The sensibilities of artists were like measuring instruments: barometers, wind-gauges, 'a nation’s writers are the voltometers and steam-gauges of that nation’s intellectual life'. [LE 58]
Artists and poets undoubtedly get excited and ‘overexcited’ about things long before the general public. [ABC 82f]
…
The concept of genius as akin to madness has been carefully fostered by the inferiority complex of the public. [ABC 82]
…
Before deciding whether a man is a fool or a good artist, it would be well to ask, not only: ‘is he excited unduly’, but: ‘does he see something we don’t?’ Is his curious behaviour due to his feeling an oncoming earthquake, or smelling a forest fire which we do not yet feel or smell? [ABC 82f]
…
Flaubert said of the War of 1870: ‘If they had read my 'Education Sentimentale', this sort of thing wouldn’t have happened.’ Artists are the antennae of the race, but the bullet-headed many will never learn to trust their great artists. If it is the business of the artist to make humanity aware of itself; here the thing was done, the pages of diagnosis. The multitude of wearisome fools will not learn their right hand from their left or seek out a meaning. [LE 297]
Pound's own antennae were overwhelmed throughout that period with all this newness: the race went mad and so did he. His radio-receiver intellect picked up only jumbled nonsense interspersed with whistles, crackles and bangs as European culture fractured and disintegrated.

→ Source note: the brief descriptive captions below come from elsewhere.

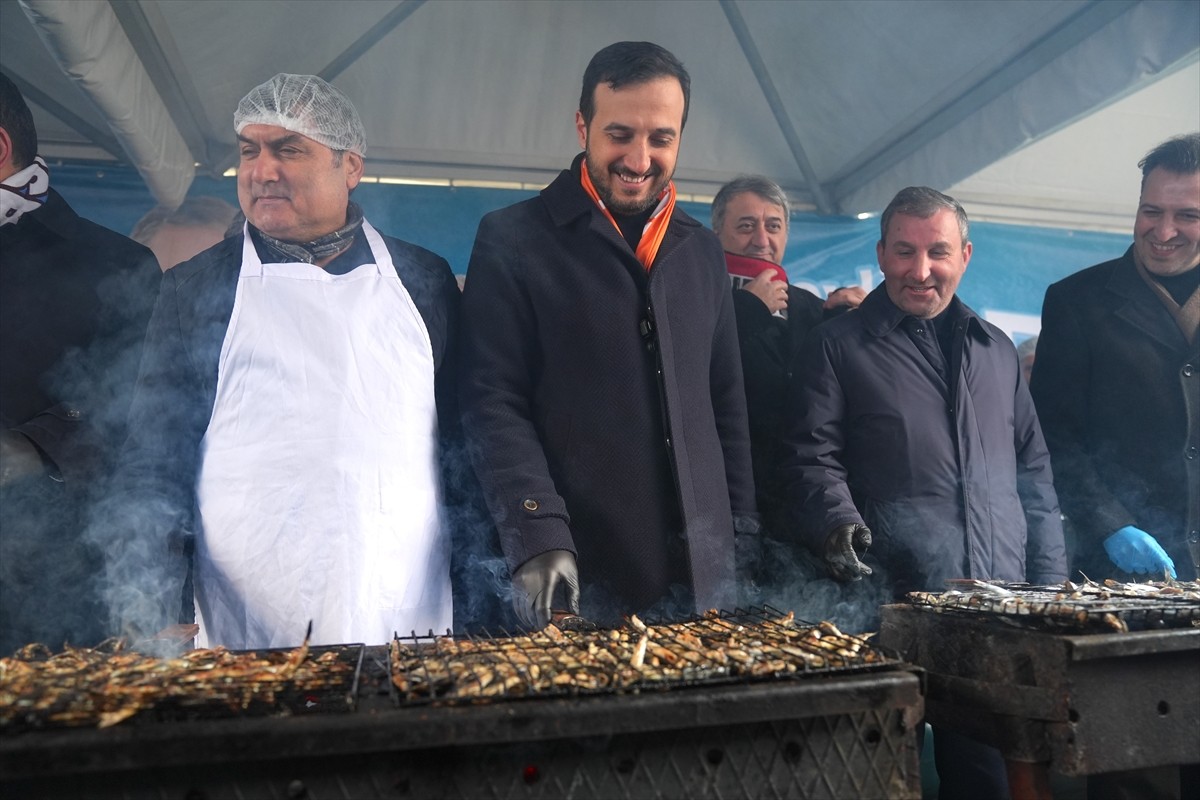 AK Parti İstanbul İl Başkanı Abdullah Özdemir, Sultanbeyli Belediyesince Kent Meydanı'nda...
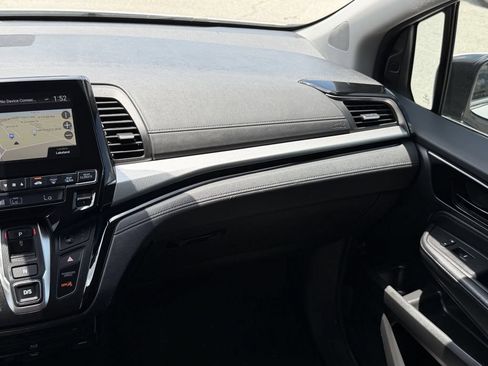 Used 2023 Honda Odyssey Touring image 19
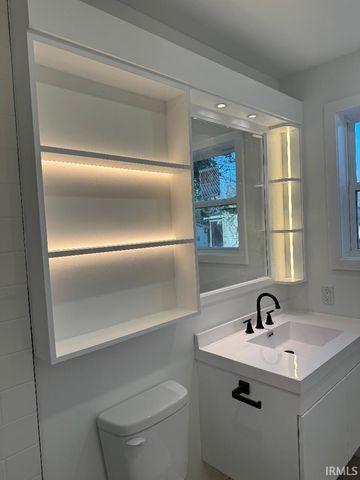 612 E WATER Street, Princeton, IN 47670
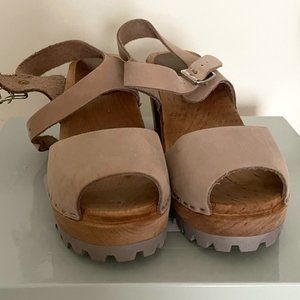 NEW - MIA Tan Leather Greta Open Toe Clogs 38/8
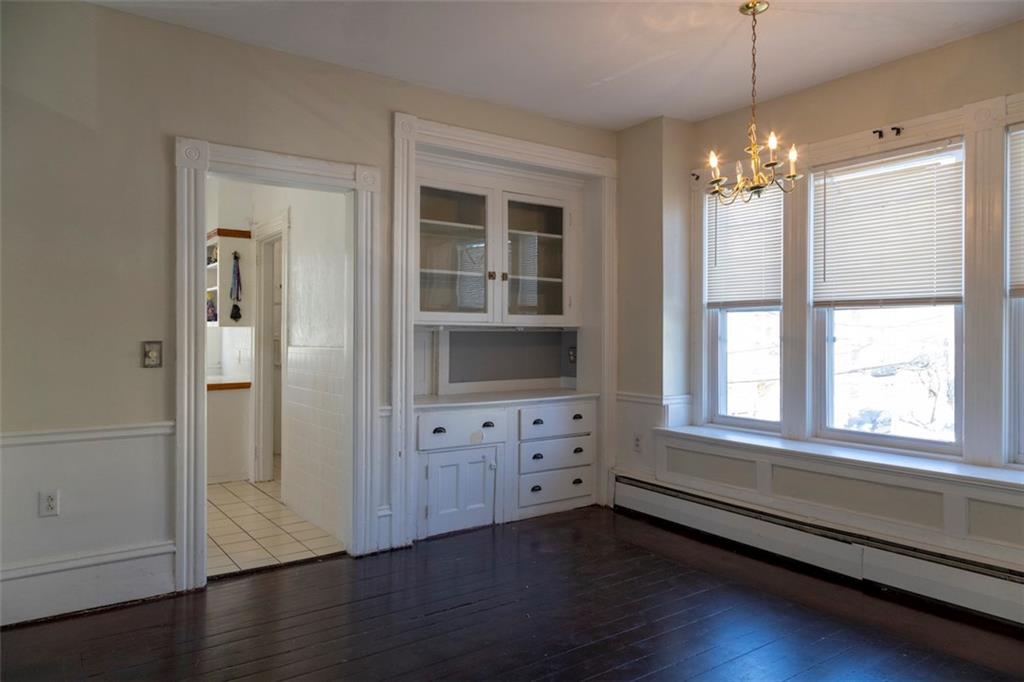 271 273 Broadway Property Photo 9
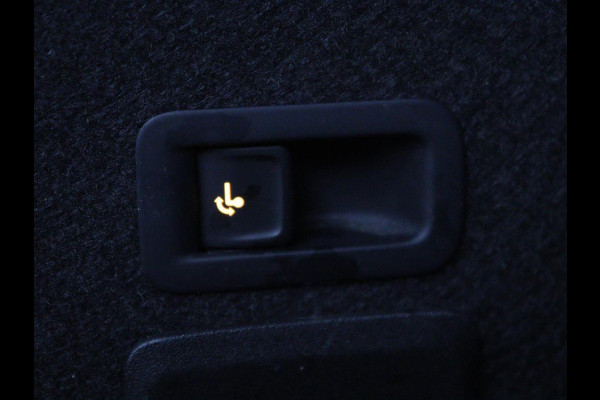 CUPRA Leon 1.4 eHybrid VZ | 245pk | Trekhaak | Stoelverwarming | Carplay | Camera | Sfeerverlichting | Keyless | Navigatie | Sportstoelen | Park Assist | Stuurverwarming | PHEV | Plug In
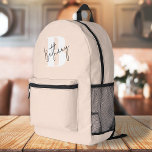 Modernes, elegantes Rosa Monogramm Bedruckter Rucksack<br><div class="desc">Ein handgeschriebenes Monogramm-Design in elegantem Stil in schwarz-informeller lässiger Schrift-Typografie über einen rot-violetten Anfangsbuchstaben mit überdimensionalem Anfangsbuchstaben. Der Text kann einfach für ein einzigartiges Design angepasst werden!</div>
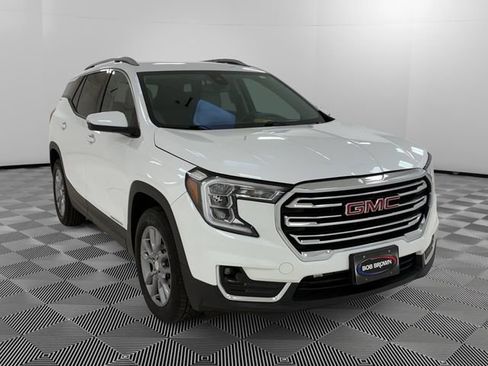 Used 2024 GMC Terrain SLT w/ Infotainment Package II AWD/4WD image 7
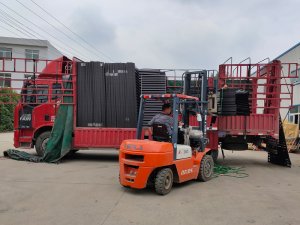 金用护栏2021年5月25日锌钢百叶窗发货！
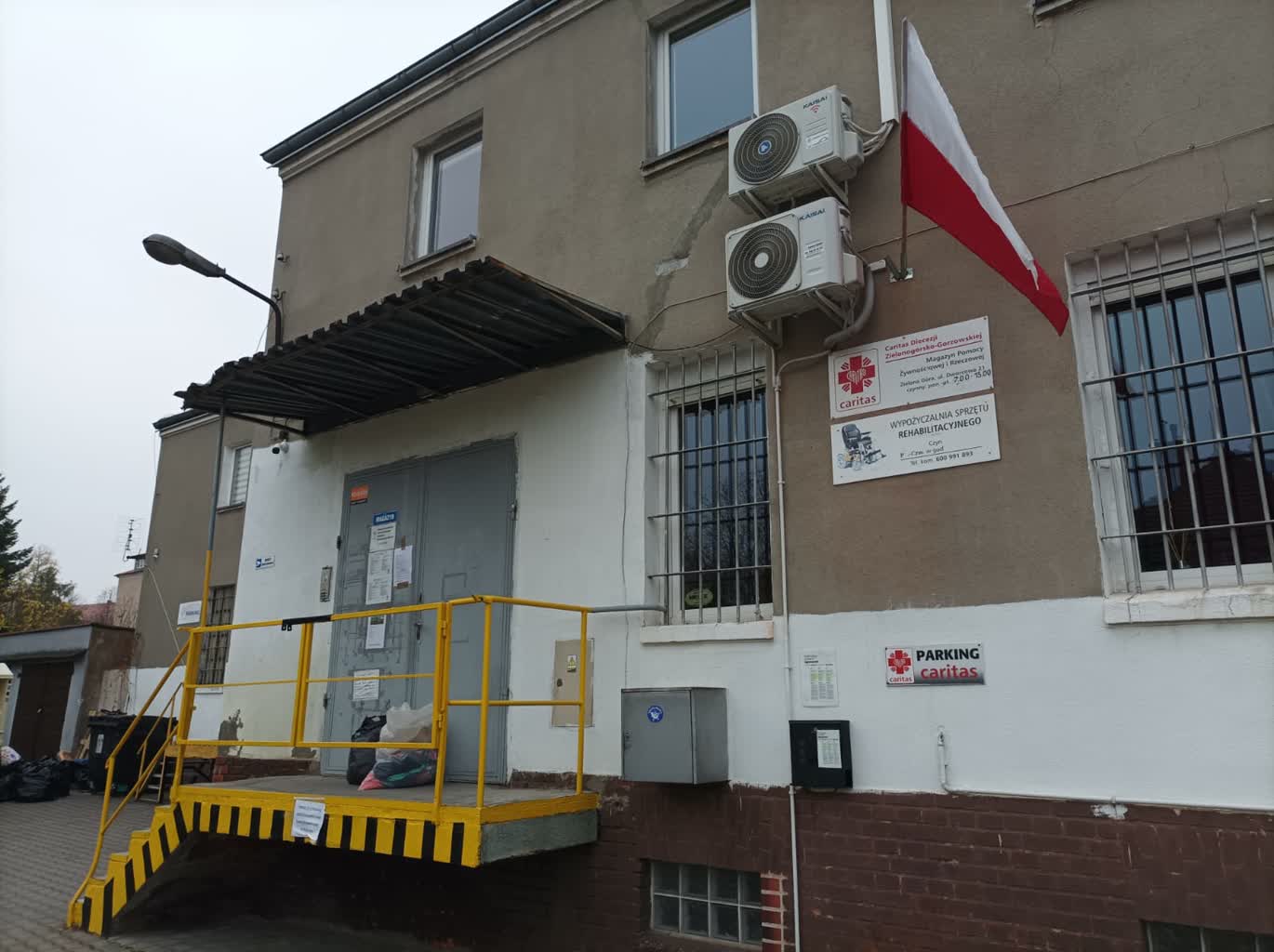 Caritas nadal prowadzi zbiórkę odzieży do swojego magazynu Radio Zachód - Lubuskie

During these times he settled in places where he sensed a 'vortex', an innovative turmoil: London and Paris. These vortices were metropolitan, based on close and creative contact between artists of all types: writers, painters, sculptors, composers and so on. Pound earned some money as a music critic, wrote an opera, was a cultural journalist, a friend and supporter of artists such as Henri Gaudier-Brzeska (1891-1915), Wyndham Lewis (1882-1957), James Joyce (1882-1941) and T. S. Eliot (1888-1965). His practical support for struggling artists of the time is very much to his credit.
But the vortices lost momentum and force, rotated more slowly, drew in less and less. In 1924 he moved to Rapallo in Italy, which some critics deem to have been a mistake, because in the little Italian town Pound just became isolated. There was no one at his side to moderate his innovation, no one of distinction and reputation to contradict him or argue with him, meaning that much of The Cantos is the record of the life of the mind of a solitary individual, thrown back on his own devices and left only with memories and with the garbled static from his antennae. Two decades later, in May 1945, after yet another cataclysm, he would emerge:
As a lone ant from a broken ant-hill
from the wreckage of Europe, ego scriptor.